Updated November 6, 2021 - 7:47 am

A beloved place is less about the building people enter than it is about the memories they carry with them when they leave.

El Cortez owner Kenny Epstein knows that his hotel-casino means something to people. Las Vegas’ oldest continually operating hotel-casino has seen eight decades worth of memories, guests and players pass through its doors.

“They see what we’ve done with it, and they appreciate it because we’re doing it for them,” he said. “If we don’t do it for our customers, they’re gonna go someplace else.”

On Sunday, the hotel-casino turns 80 years old, 29,220 days after it first opened its doors Nov. 7, 1941. It will punctuate its birthday weekend with a fireworks show, a mariachi band, cash drawings and cake and champagne on Saturday night.

As the only still-operating hotel-casino on the National Register of Historic Places, El Cortez exhales history.

This is the place where mobsters Benjamin “Bugsy” Siegel, Moe Sedway, Gus Greenbaum and Meyer Lansky ushered in mafia rule in Las Vegas casinos; where downtown casino mogul Jackie Gaughan lived and worked; where people come to play some of the only remaining coin slots in town.

What once was a heavily local, retirement-age clientele today comprises about as many tourists as locals and an influx of young people, said El Cortez owner Kenny Epstein, who in July also turned 80. All of the hotel’s visitors who consider El Cortez special, he said, do so because of the memories they formed.

How does a property last 80 years in a city famous for reinventing itself every decade or so?

Continuity, according to Epstein’s daughter, El Cortez Executive Manager Alex Epstein.

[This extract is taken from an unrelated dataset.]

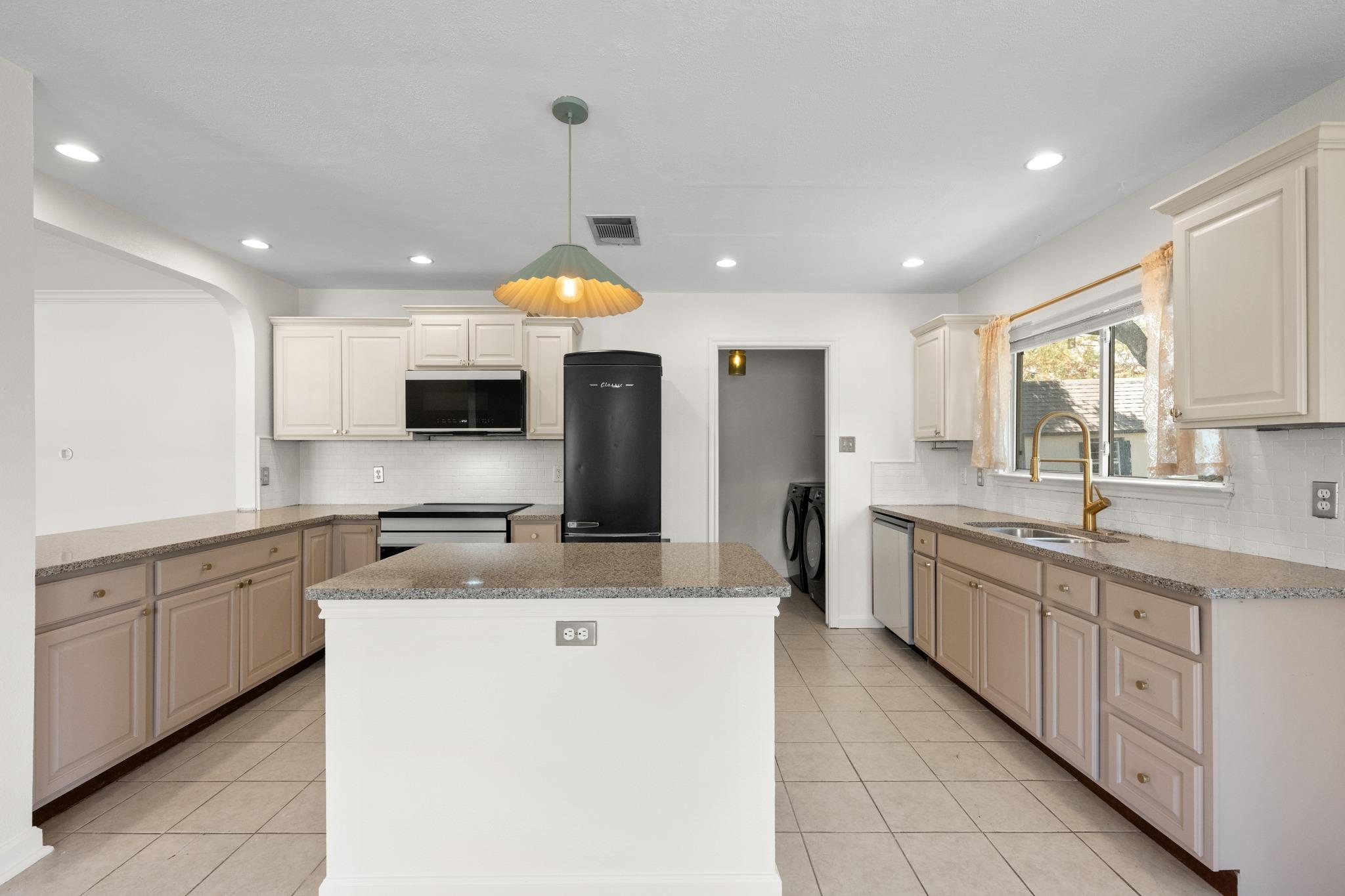 3420  Settlement Dr, photo 10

Continuity of ownership, continuity of employees and continuity of customers.

“(Our) customers, they’ve been coming for generations — grandparents bringing their kids, bringing their grandkids,” the 36-year-old said. “You now have kids who are my age and younger who are coming because their parents have talked and grandparents have talked about it for years.”

‘Nobody like Jackie’

The hotel-casino has had three ownership groups in 79 out of its 80 years, the exception being the mob buying El Cortez from original owners John Kell “JK” Houssels and partners in 1945 and then selling it back to him in 1946.

Houssels remodeled the place in 1950, briefly experimented with a pirate theme and sold El Cortez in 1963 to the man who would become its longest-tenured owner, Jackie Gaughan. Gaughan lived and worked in the hotel until he died in 2014.

Gaughan sold the property to his friend and partner, Kenny Epstein, in 2008, and the Epstein family continues to own the hotel-casino, which features a Spanish Colonial Revival architectural style.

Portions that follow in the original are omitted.